No artigo de hoje, quero defender um outro ponto dessa agenda: a aprovação de uma regra de transição das condições de aposentadoria para aqueles que já estão no mercado de trabalho. Vez por outra, algum político desavisado, querendo se mostrar atento à necessidade de reformas, mas sem querer correr qualquer risco de perda de popularidade, aparece com o seguinte chavão: “Precisamos adotar uma regra para a aposentadoria, mas só para os novos trabalhadores, pois não devemos sacrificar aqueles que já se encontram no mercado de trabalho.” Sob a auréola do “politicamente correto”, a frase é na verdade uma tremenda tolice, pois implica tratar da mesma forma um jovem recém-saído da adolescência no seu primeiro emprego e um senhor que depois de 34 anos e 11 meses de contribuição está a ponto de se aposentar.
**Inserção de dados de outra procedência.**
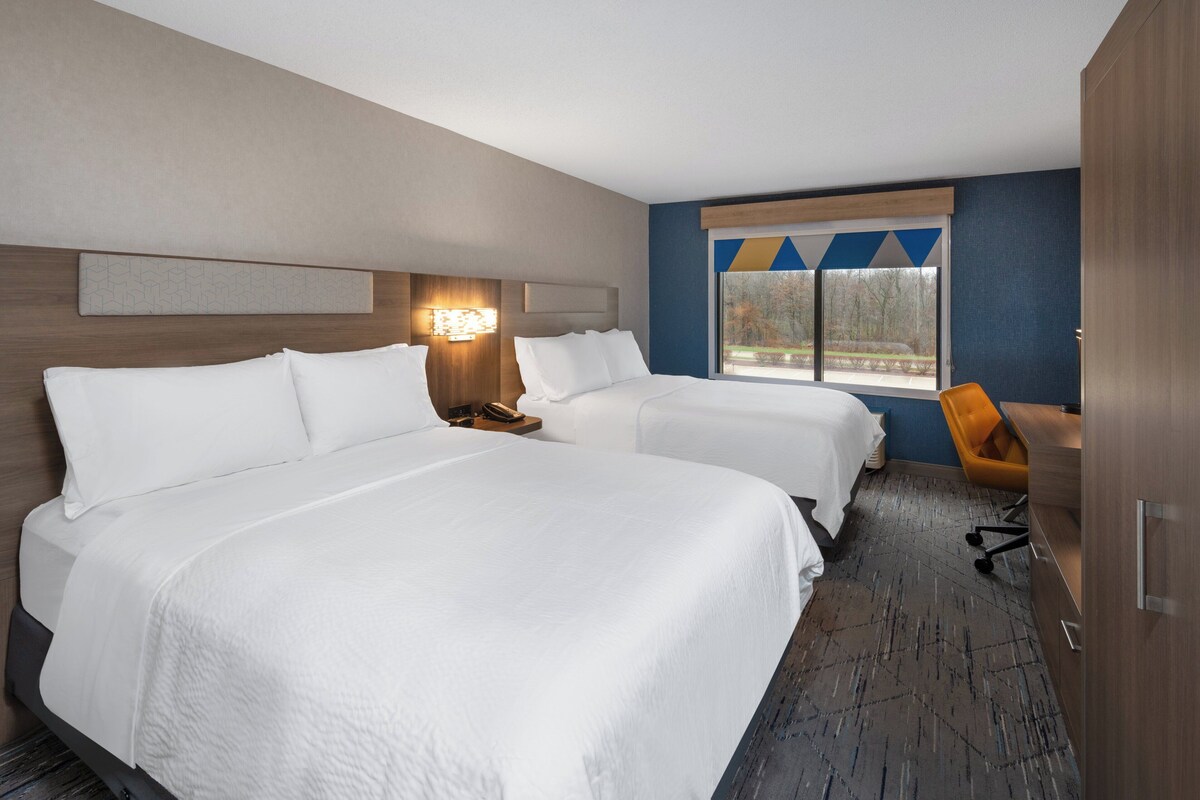 Een hotelkamer met twee bedden, een bureau, een stoel en een raam met uitzicht op bomen.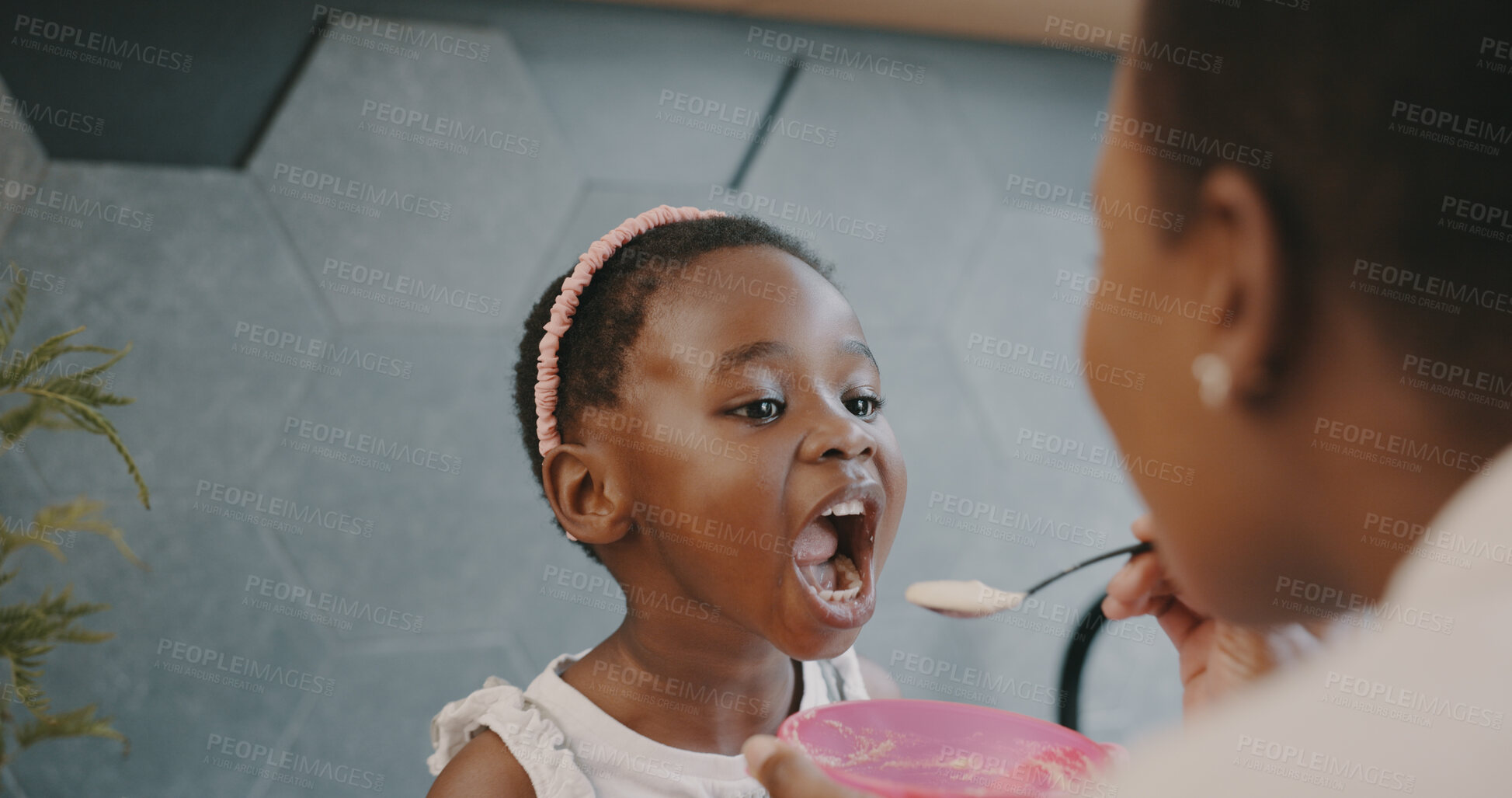 Buy stock photo Black family, breakfast and a mother feeding her daughter in the kitchen of their home while together in the morning. Children, food or care and a little girl child with her woman parent in a house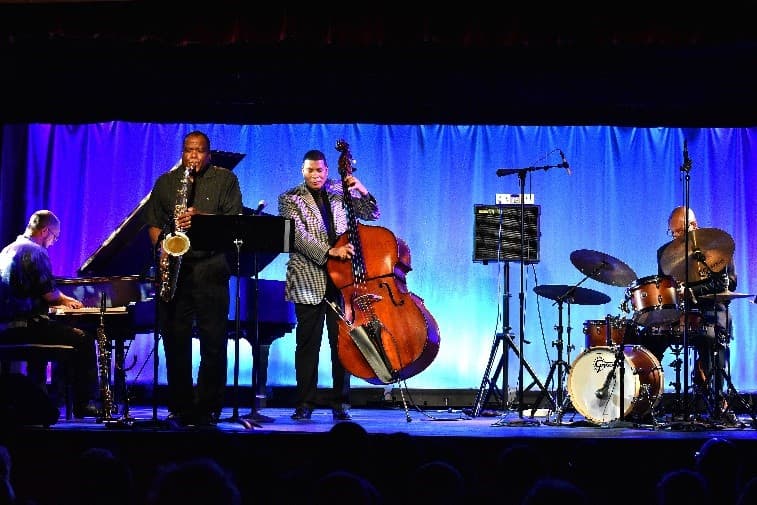 A jazz quartet performing on stage in front of a blue curtain: a pianist, a saxophonist, a bassist in a checked jacket and a drummer.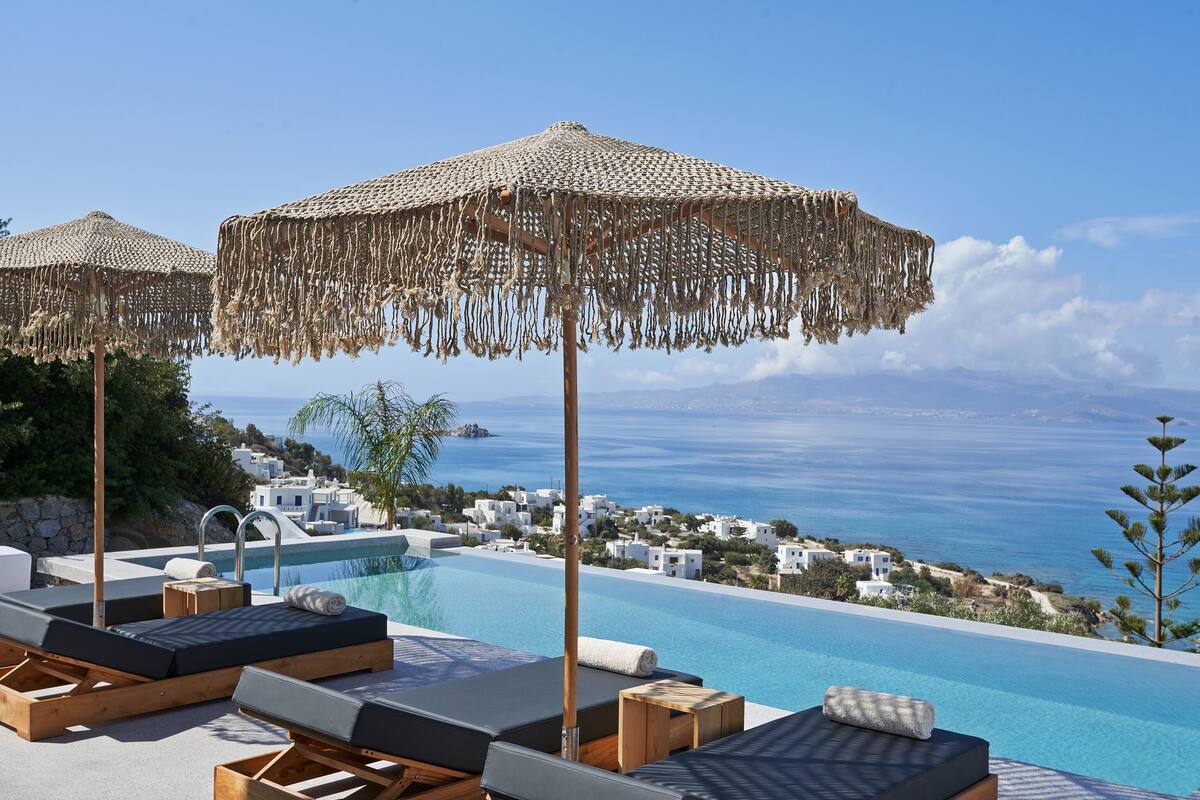 An infinity pool with lounge chairs and umbrellas, overlooking a coastal town and the sea.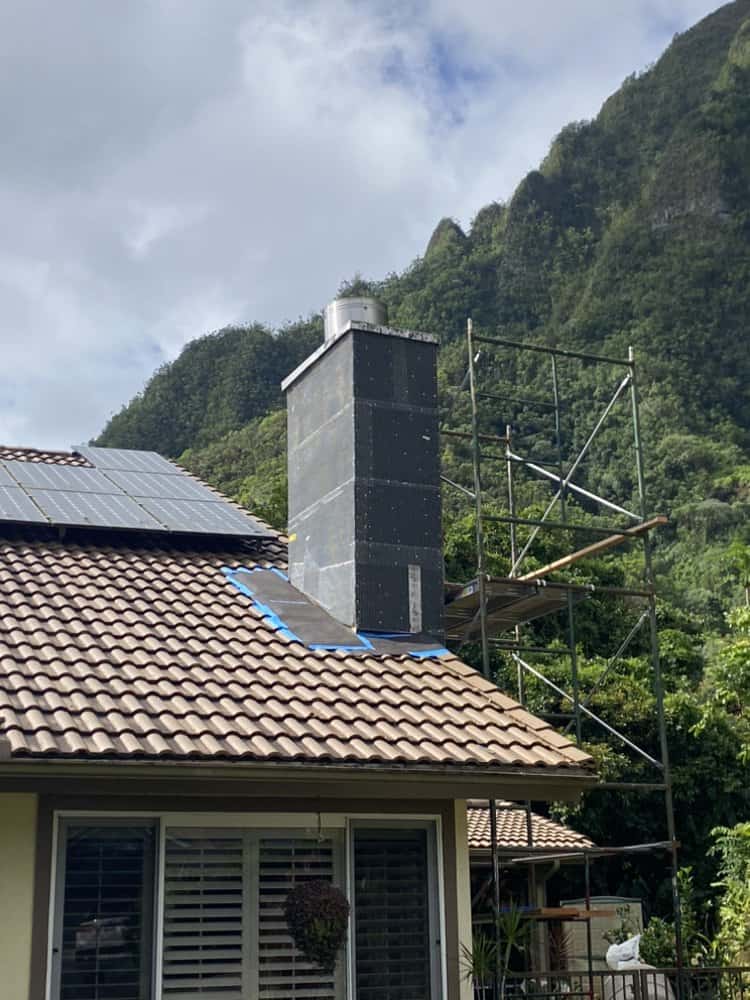 Original damaged chimney structure before rebuild with Koʻolau mountain backdrop
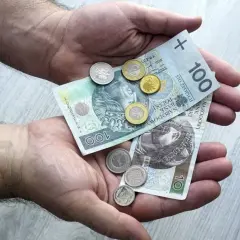 Dłonie trzymające polskie banknoty 100 zł i monety.
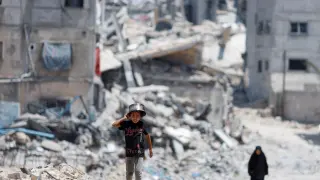 Palestinos destrozan entre edificios destruidos tras el último ataque del ejército israelí.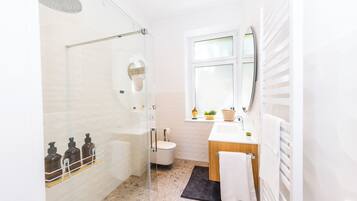 Shower, hair dryer, towels, soap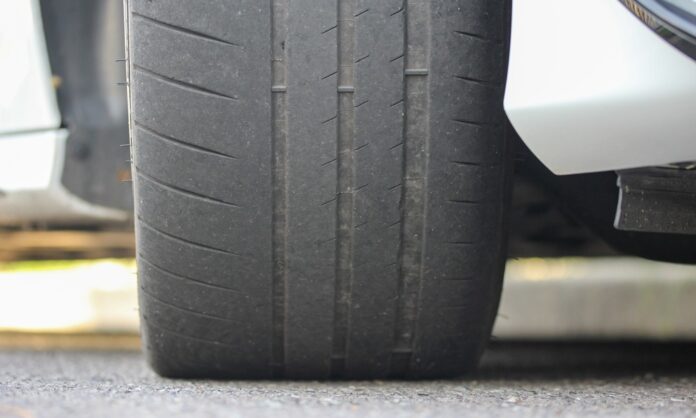 A close-up of the tire of a white car that is parked on asphalt. The tire shows uneven tread wear and faint grooves.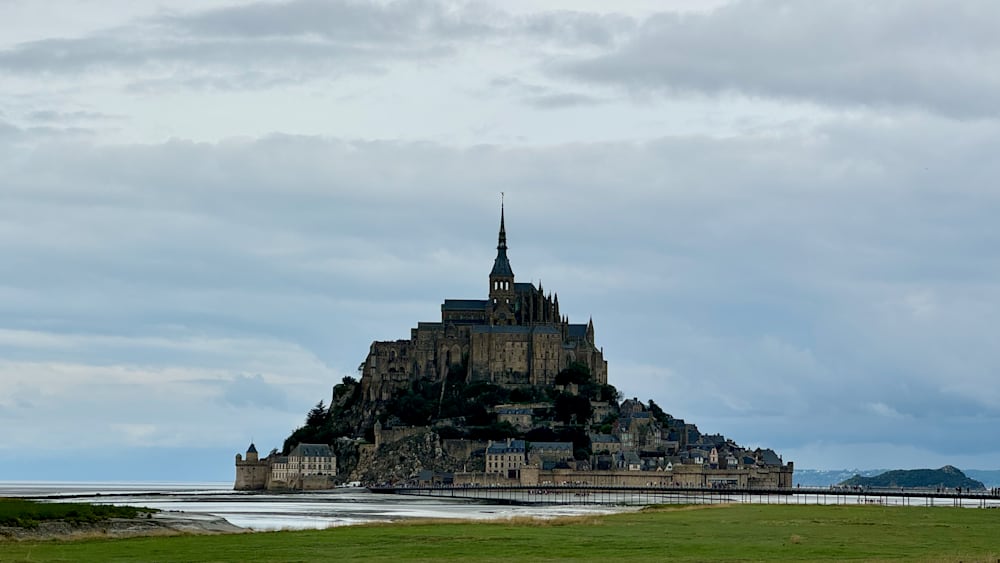 A large castle is in the distance with a bridge leading to it.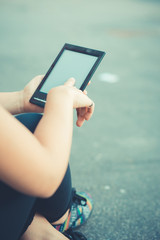 close up of woman hand using technological tablet device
Para entender melhor a natureza da questão, é útil dividir a sociedade em três grupos. O primeiro é o dos idosos. A este a reforma da Previdência não se aplica, pois o respeito ao direito adquirido é algo sagrado e nada vai mudar para eles. O segundo é o outro extremo da distribuição etária: as crianças e os adolescentes. Estes ainda não assinaram o “contrato social”, não estão ainda sujeitos a uma regra e portanto não há entrave algum em mudar a regra para eles. O problema político da reforma da Previdência está em como lidar com o terceiro grupo social: aqueles que já estão na ativa e ainda não se aposentaram. O segredo para este grupo é tratar desigualmente os desiguais e implementar uma transição que implique ter uma regra tão mais próxima da regra futura quanto mais jovem for a pessoa e tão mais próxima da regra atual quanto maior tiver sido o tempo de contribuição prévio do indivíduo. Assim, quem tiver ingressado há pouco tempo no mercado de trabalho teria que ter um tempo de contribuição muito similar ao que será exigido, pela nova regra, de quem ainda não ingressou no mercado; e quem estiver perto de se aposentar teria que trabalhar apenas poucos meses a mais. Trata-se de uma transição suave, perfeitamente defensável e que pode ser compreendida por todos. Vale a pena explorar a ideia.